The announcement message doesn’t disclose the agreement’s length or financial specifics, and it remains to be seen whether BMG will buy the one-time Grammy winner (and 14-time nominee) Costello’s catalog outright in the future.
But BMG, like a number of other music-industry companies, has been on something of a catalog-acquisition spree as of late, having scored deals with Tina Turner, Mötley Crüe, ZZ Top, and John Legend in recent months. The 14-year-old Bertelsmann subsidiary executed the latter song-rights purchase with KKR, as part of a partnership that the entities formed back in March of 2021.
And besides recording popular versions of “She” and “I’ll Never Fall in Love Again,” the Rock and Roll Hall of Fame inductee Elvis Costello – who’s scheduled several UK concerts for June – has the sole songwriter credit on well-known tracks such as “Alison” (1977) and “Watching the Detectives” (1977), having co-written 1989’s “Veronica” with Paul McCartney.
Addressing the administration contract with Costello in a statement, Alistair Norbury, BMG’s president of repertoire and marketing for the UK, said: “It is not often that a catalogue as distinguished as Elvis Costello’s becomes available.

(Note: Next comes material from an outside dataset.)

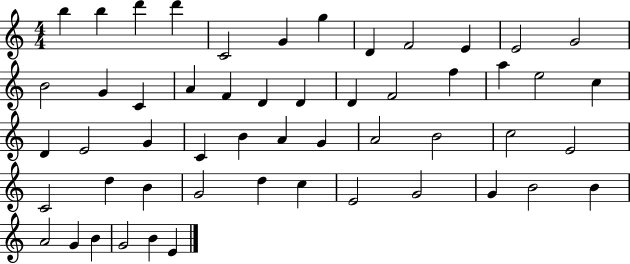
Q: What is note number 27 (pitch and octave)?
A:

We look forward to working with Elvis and his management to further raise awareness and appreciation of one of the greatest songwriters the UK has produced.”
Regarding the ongoing surge of multimillion-dollar catalog sales, the past seven days have brought music-IP deals between Kenny Chesney and Hipgnosis Song Management, Bob Dylan and Sony Music (though the Big Three label said that the purchase had actually wrapped over the summer), and Reservoir and Travis Tritt.

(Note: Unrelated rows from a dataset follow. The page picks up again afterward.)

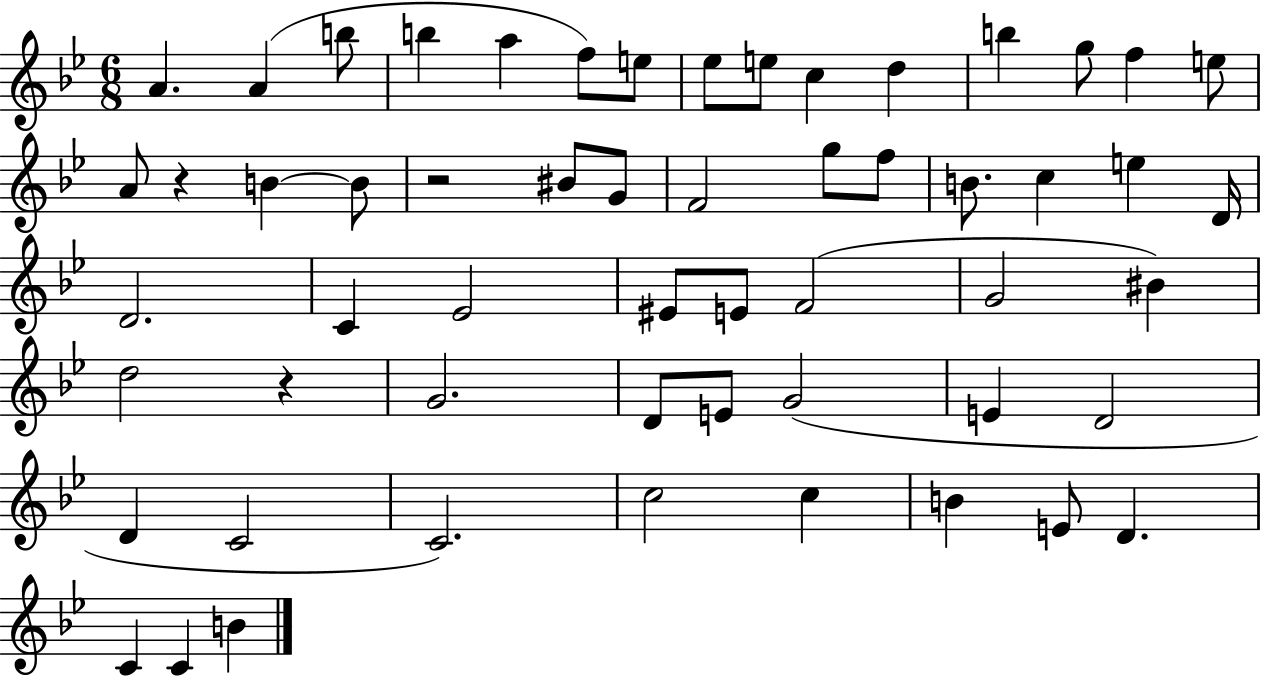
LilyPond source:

{
  \clef treble
  \numericTimeSignature
  \time 6/8
  \key bes \major
  \repeat volta 2 { a'4. a'4( b''8 | b''4 a''4 f''8) e''8 | ees''8 e''8 c''4 d''4 | b''4 g''8 f''4 e''8 | \break a'8 r4 b'4~~ b'8 | r2 bis'8 g'8 | f'2 g''8 f''8 | b'8. c''4 e''4 d'16 | \break d'2. | c'4 ees'2 | eis'8 e'8 f'2( | g'2 bis'4) | \break d''2 r4 | g'2. | d'8 e'8 g'2( | e'4 d'2 | \break d'4 c'2 | c'2.) | c''2 c''4 | b'4 e'8 d'4. | \break c'4 c'4 b'4 | } \bar "|."
}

Announced just yesterday, the transaction involving Tritt and Reservoir covers the two-time Grammy winner’s publishing and recorded catalogs. Meanwhile, Bob Dylan cashed out of his publishing catalog as part of a deal with Universal Music Publishing Group (UMPG) in late 2020, but sold his recordings to Sony Music for a reported $200 million.
Amid this continued flood of song-rights sales, Massarsky Consulting, a boutique consultancy that appraised north of 300 catalogs (cumulatively valued at over $6.5 billion) in 2021, sold to Citrin Cooperman six days back.